ARTWORKABLE

Follies in Project Design

The Work of Allison Parrish
Oct 28, 2021

Allison Parrish is a poet and a programmer who intermingles these two worlds brilliantly across her many projects. You can find her full portfolio here. I wanted to explore her work and reflect on it as some of what I’m doing currently with this project approaches some of her ideas.

While looking through her work, I found myself coming back to her Reconstructions site. The project is (to quote her) “an infinite computer-generated poem whose output conforms to the literary figure of chiasmus.” Lines are pulled from poems in the Gutenberg Poetry corpus and randomly selected to be conformed to an ABBA scheme. It continues infinitely until the page is closed.

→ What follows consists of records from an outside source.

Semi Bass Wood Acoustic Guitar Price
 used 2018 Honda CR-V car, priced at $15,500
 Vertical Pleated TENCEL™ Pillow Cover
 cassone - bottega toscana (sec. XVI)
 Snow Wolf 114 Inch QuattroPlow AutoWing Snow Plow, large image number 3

The idea of a poem that is literally never-ending, going on forever if you let it, is so completely fascinating to me. The words are nice, sometimes a particularly poignant combination of lines is created, but obviously the significance of a work like this is its infinity. A wonderful detail of the site is that as new lines are added, older ones are raised to the edges of the screen, made translucent and faded, but they never disappear. They're memory is preserved on the page, always a part of the full poem, even as it grows larger and larger.

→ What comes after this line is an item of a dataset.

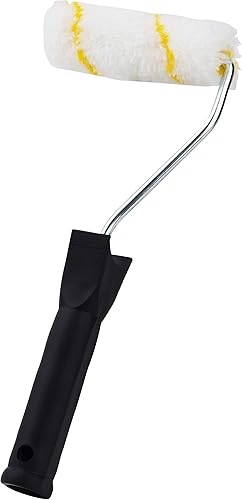 Miniatura 7 de Bates- Rodillos de pintura, rodillo de pintura de 4 pulgadas con 10 cubiertas, rodillo de pintura pequeño, rodillos de pintura para pintar paredes,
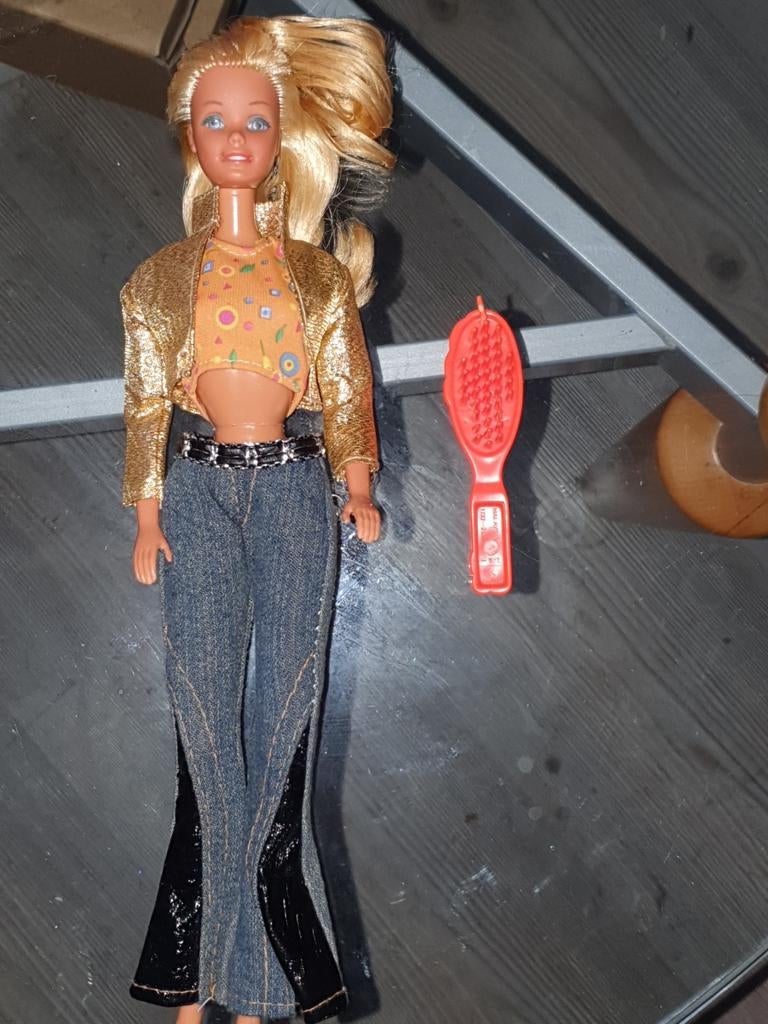 Mattel barbie vintage, Verzamelen, Poppen, Ophalen of Verzenden, Pop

I'd love to be able to do something like this -- create a poem that's core concept is rooted in its construction rather than just its words. I'm not sure if that's quite possible for this project, but it's something I will always have in the back of my mind.

Another work from Parrish that fills this role is her piece Compasses, a collection of very unique poems that are all made of 4 main words, one a each "direction" like a compass, with words generated by an AI that sort of bridge the gap phonetically between the 4 directional terms ("north" -> "earthe" -> "east"). The poems utilize shape as much as they do their terms and AI component, which I found thought really added an extra dimension to the work. It’s fun, a work that doesn’t take itself too seriously, but does influence you to ponder the nature of space within a written work. I want so badly to implement something as clever into my own work, if I can.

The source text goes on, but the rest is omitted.